A child rights advocate, Mr. Afolabi Sam-Adeboye, noted that as soon as a child knows about his or her status, it begins to affect him or her psychologically.
“Once the knowledge is known to his peers, stigmatisation begins. Children, friends and people within the community start to ostracise and segregate them. It also becomes very difficult for their caregivers to treat them as their own children, thus resulting in emotional imbalance.
“When they are not able to get the right care, it becomes difficult to get the right nutrition. If they don’t have the right nutrition, their immunity level will continue to fall by the actions of the HIV in their blood. But if they eat good food and take their anti-retroviral drugs and the medication given them regularly, they live well. HIV does not kill, what kills are the circumstances surroundings the care that they get, which is lacking. Once it is lacking, every other thing breaks down. What they need is care, and once they have that care, they would surmount every problem.”
Adeyeye said people in the society can help the orphans in various ways.
Enumerating her points, she said, “Individuals can help take care of their health care bills, sponsor their education and take care of their basic school needs and other expenses. For sustainability, their caregivers should be empowered, engaged in a trade in order for them to make money and feed these children.
“If these children are not healthy, they can’t do the things their age mates do, because they are so fragile. But, if a child is positive but healthy, one may not even know that child is positive, but where the child lacks proper care and attention, it would be obvious, and that makes their peers to run away from them.”
Urgent action
Another challenge for the survival and well-being of such children are the cost of health care in some cases and the depletion of free ARVs and free drugs supplied by donor funding agencies, noted David.
She said, “Clearly, it’s very challenging for people with HIV to buy their drugs, they have to take their drugs and do tests regularly, because one has to measure their lab parameters and those parameters cost money. And although they don’t buy ARVs, donor funds are dwindling. We are still getting drugs for free. Sometimes, some facilities may run out and they may have to buy one or two drugs maybe for a month or two until the stock is replenished.”

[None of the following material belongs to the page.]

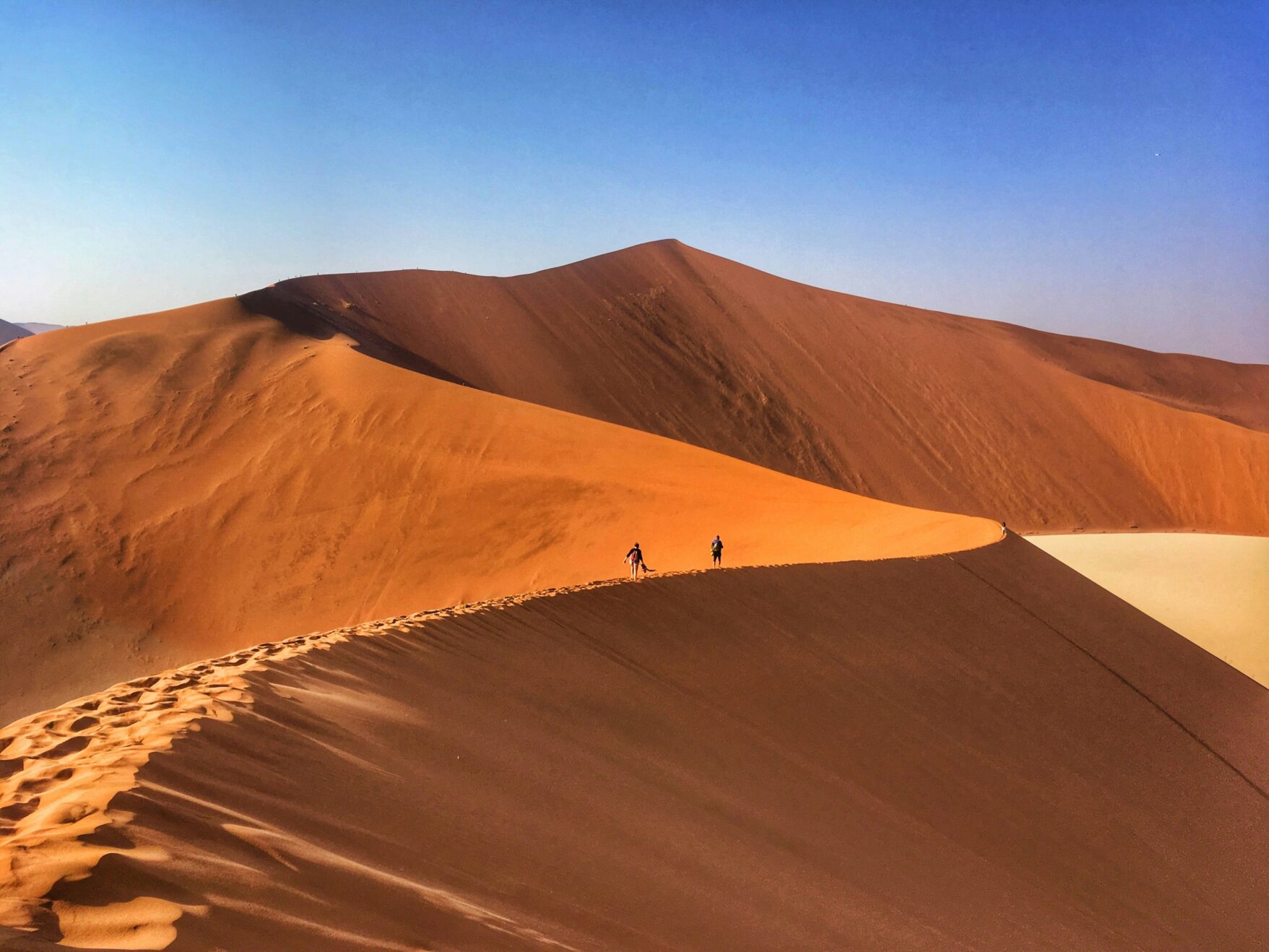 Couple walking through Namibian desert dunes of Sossusvlei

David thus called on government to come to their rescue: “If government can take up the donor funds that are dwindling, it would go a long way towards helping them, especially children who are orphans in one way or the other. If for any reasons, the drugs are not free anymore, then it’s going to be disastrous for this nation, because a majority of these people we are looking after cannot afford to buy these drugs, and if they grow up like that with the resistant virus in them, they become more sexually active, and can transmit it to others.
“Therefore, government needs to act now and fight to the end in order to have zero death and illnesses from HIV. If we don’t do something now at the federal, state and local government levels, then in a few years’ time, we may be telling another story, I do hope we do not get to that.”
In the same vein, infectious diseases specialist, Dr. Joseph Onigbinde, called for community action. “In advanced countries, there is what is called positive prevention, where people who are positive are the ones involved in public campaigns against HIV/AIDS. Therefore, the right message has to be passed to them now and they can also pass the right message in future, and not the other way round,” he said.
While Onigbinde said most of these orphaned children may not understand their present health challenges, he said society should support them to live normal lives.
“They should also be counselled that they can still live their normal lives even though they are positive, otherwise the case become worse. Communities and well-to-do individuals in society should rise to their aid, and see how to help them in various ways. Whatever one does for these children, one does for God. These kids who are HIV positive today can become leaders tomorrow,” he said.